Terkait ketimpangan sosial, Juwita menambahkan “Anak muda menghadapi kemiskinan yang sifatnya kompetitif; pekerjaan sulit dan tuntutan tinggi. Beberapa negara bahkan sudah melarang kepemilikan HP untuk usia di bawah 16 tahun sebagai proteksi.”
Diskusi juga menghadirkan sudut pandang Yatimul Ainun, Pemimpin Redaksi TIMES Indonesia, yang menekankan pengaruh besar Gen Z sebagai aktor digital baru.
“Yang mengendalikan ruang digital hari ini adalah Gen Z, mereka menggeser pola konsolidasi konvensional ke konsolidasi digital untuk membangun pengaruh,” terangnya.
Ainun sapaan akrabnya turut menyinggung pergeseran cara manusia mencari informasi di era kecerdasan buatan.
“Kalau dulu kita mencari persoalan di Google, sekarang kita mencari jawaban langsung di AI. Ini mengubah pola komunikasi publik,” ujarnya.
Ia juga mengingatkan pentingnya etika digital, “Cek fakta dulu sebelum bicara; tingkatkan literasi digital agar tidak larut dalam arus hoaks dan provokasi.”
Sementara itu, Alie Mulyanto, Kepala Badan Kesatuan Bangsa dan Politik (Bakesbangpol) Kota Malang, hadir mewakili Wakil Wali Kota Malang dan menilai buku tersebut relevan dengan masa depan bangsa.
“Orang-orang muda bukan hanya penerus, mereka adalah pemimpin. Indonesia ke depan akan ditentukan oleh Gen Z yang kreatif, inovatif, dan adaptif,” kata Alie.

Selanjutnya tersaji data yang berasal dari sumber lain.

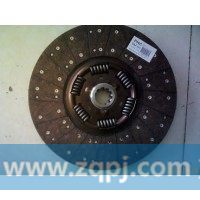 dz1560160007离合器从动盘430拉式离合器片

Ia juga menyebut Kota Malang sebagai ruang terbuka terbaik untuk pertumbuhan pemikiran anak muda.
“Kota Malang hanya satu-satunya kantor tanpa pagar, artinya siapapun boleh datang, berdiskusi, dan berkembang,” imbuhnya.

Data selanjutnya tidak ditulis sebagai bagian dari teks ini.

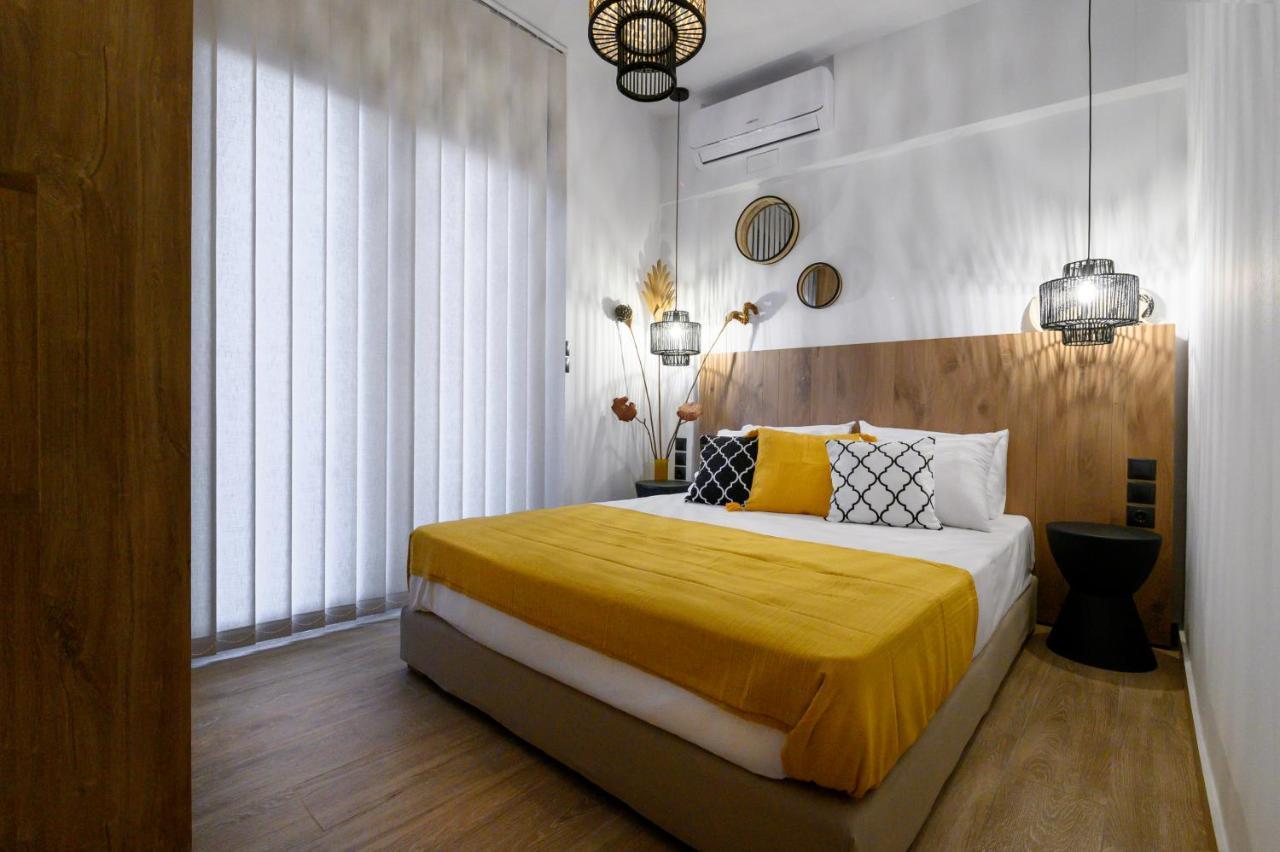 Versa Villas Preveza Bagian luar foto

Ali menegaskan pentingnya kolaborasi menuju Indonesia Emas 2045. “Anak-anak muda harus berkontribusi membangun jejaring kolaborasi dan sinergi. Itulah indikator bangsa yang maju, adil, dan mampu bersaing.”

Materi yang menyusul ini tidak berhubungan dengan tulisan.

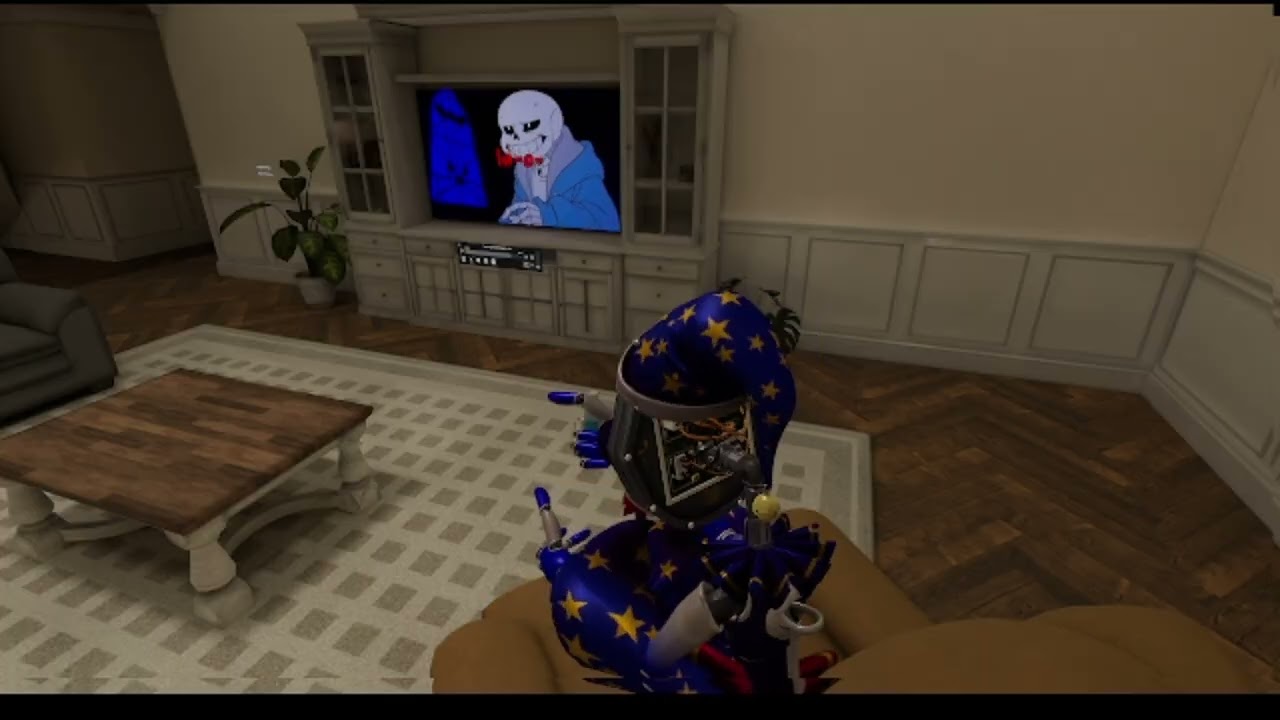 MOON GETS CONTROLLED?!?! In VRChat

Bedah buku yang dibuka dengan penampilan tarian tradisional itu tidak hanya menjadi ruang apresiasi karya akademik, tetapi juga menjadi panggung refleksi bersama mengenai posisi Gen Z dalam peta sosial-politik nasional.
Dengan hadirnya buku ini, diskursus sosial politik mengenai Gen Z memasuki arah baru, lebih dekat dengan realitas digital, lebih kritis terhadap kebijakan sosial, dan lebih menekankan pada peran anak muda sebagai game changer masa depan. (*)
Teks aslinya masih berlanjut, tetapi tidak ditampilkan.